After the release of this short film, Cooper accepted a long-term contract with Paramount. He changed his name to Gary in 1925, following the advice of casting director Nan Collins,[11] who felt it evoked the "rough, tough" nature of her native Gary, Indiana.[12]
"Coop," as he was called by his peers, went on to appear in over 100 films. With help from established silent star Clara Bow, Cooper broke through in a supporting role in the late silent Wings (1927), the first film to win an Academy Award for Best Picture, following it with Nevada (1927) co-starring Thelma Todd and William Powell, based on the Zane Gray novel. (This was remade as an early Robert Mitchum vehicle released in 1944, the only time Cooper and Mitchum played the same role.) Cooper became a major star with his first sound picture, The Virginian (1929) which features Walter Huston as the villainous Trampas. The Spoilers appeared the following year with Betty Compson (which was remade in 1942 with Marlene Dietrich, who resembled Compson, and John Wayne in Cooper's role).
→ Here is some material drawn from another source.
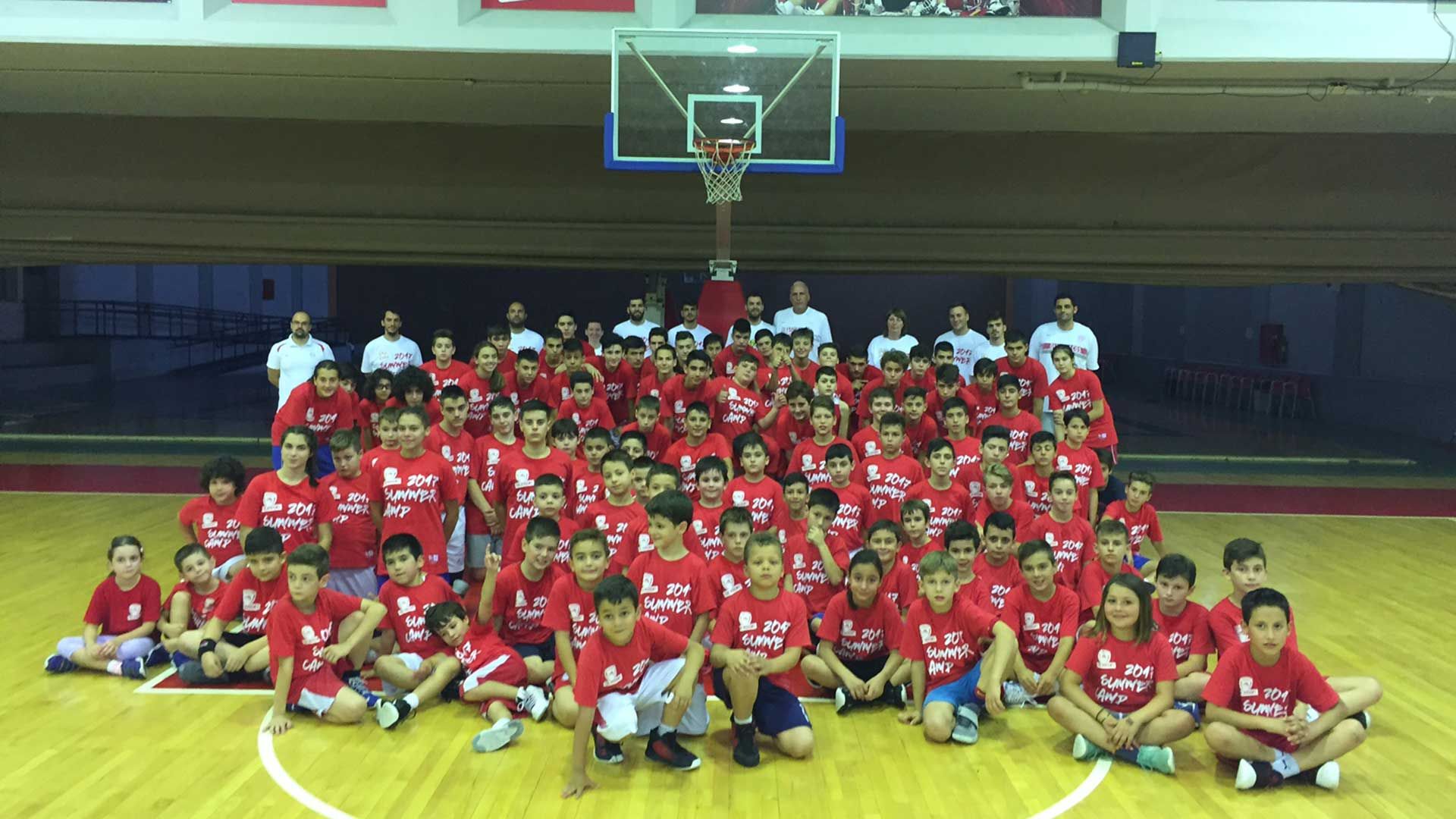 Ο Βαγγέλης Μάντζαρης στο «ερυθρόλευκο» Summer Camp (Pics)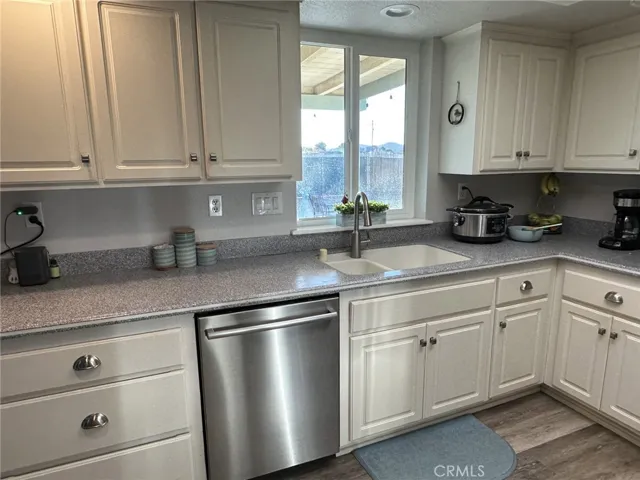 15140 Flathead Road, Apple Valley, California 92307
Cooper followed this action film with Morocco (1930), starring Dietrich, in which he played a Foreign Legionnaire. Devil and the Deep (1932) featured Cary Grant in a supporting role with Talullah Bankhead and Cooper in the leads alongside Charles Laughton. The following year, Cooper was the second lead in the sophisticated Ernst Lubitsch comedy production of Noël Coward's Design for Living. He was billed under Fredric March in the kind of fast-talking role Cooper never played again after Cary Grant staked out the light comedy leading man field with The Awful Truth four years later. The screen adaptation of A Farewell to Arms (1932), directed by Frank Borzage, and the title role in Frank Capra's Mr. Deeds Goes to Town (1936) furthered Cooper's box-office appeal.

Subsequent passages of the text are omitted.